* EXCERPTED DATA *
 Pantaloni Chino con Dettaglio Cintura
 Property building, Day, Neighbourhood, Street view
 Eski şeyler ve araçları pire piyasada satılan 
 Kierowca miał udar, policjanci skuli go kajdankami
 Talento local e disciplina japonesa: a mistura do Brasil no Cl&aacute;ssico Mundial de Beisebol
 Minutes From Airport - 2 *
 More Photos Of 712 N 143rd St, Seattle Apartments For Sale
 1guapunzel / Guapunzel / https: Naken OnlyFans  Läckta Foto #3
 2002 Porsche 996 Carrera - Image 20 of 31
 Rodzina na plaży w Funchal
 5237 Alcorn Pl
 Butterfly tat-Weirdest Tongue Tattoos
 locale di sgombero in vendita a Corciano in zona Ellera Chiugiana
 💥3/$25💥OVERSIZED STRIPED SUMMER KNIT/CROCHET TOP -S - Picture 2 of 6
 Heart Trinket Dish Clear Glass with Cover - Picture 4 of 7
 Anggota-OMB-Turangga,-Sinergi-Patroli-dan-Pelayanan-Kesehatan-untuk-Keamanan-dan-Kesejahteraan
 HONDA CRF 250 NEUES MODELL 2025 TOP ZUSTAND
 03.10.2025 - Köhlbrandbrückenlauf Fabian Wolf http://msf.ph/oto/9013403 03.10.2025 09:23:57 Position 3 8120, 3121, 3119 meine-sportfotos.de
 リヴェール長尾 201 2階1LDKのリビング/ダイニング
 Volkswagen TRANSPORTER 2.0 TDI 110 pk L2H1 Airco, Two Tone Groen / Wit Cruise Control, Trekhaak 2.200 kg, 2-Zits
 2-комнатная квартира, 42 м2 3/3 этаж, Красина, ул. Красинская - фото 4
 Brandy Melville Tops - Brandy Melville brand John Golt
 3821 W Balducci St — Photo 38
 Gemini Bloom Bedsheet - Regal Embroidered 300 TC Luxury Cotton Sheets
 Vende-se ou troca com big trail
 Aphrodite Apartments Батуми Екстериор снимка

* PROBLEM *
Copy out only the lines from the one containing "Vende-se ou troca com big trail" down to the last line of the material, keeping both ends.

* TASK ANSWER *
 Vende-se ou troca com big trail
 Aphrodite Apartments Батуми Екстериор снимка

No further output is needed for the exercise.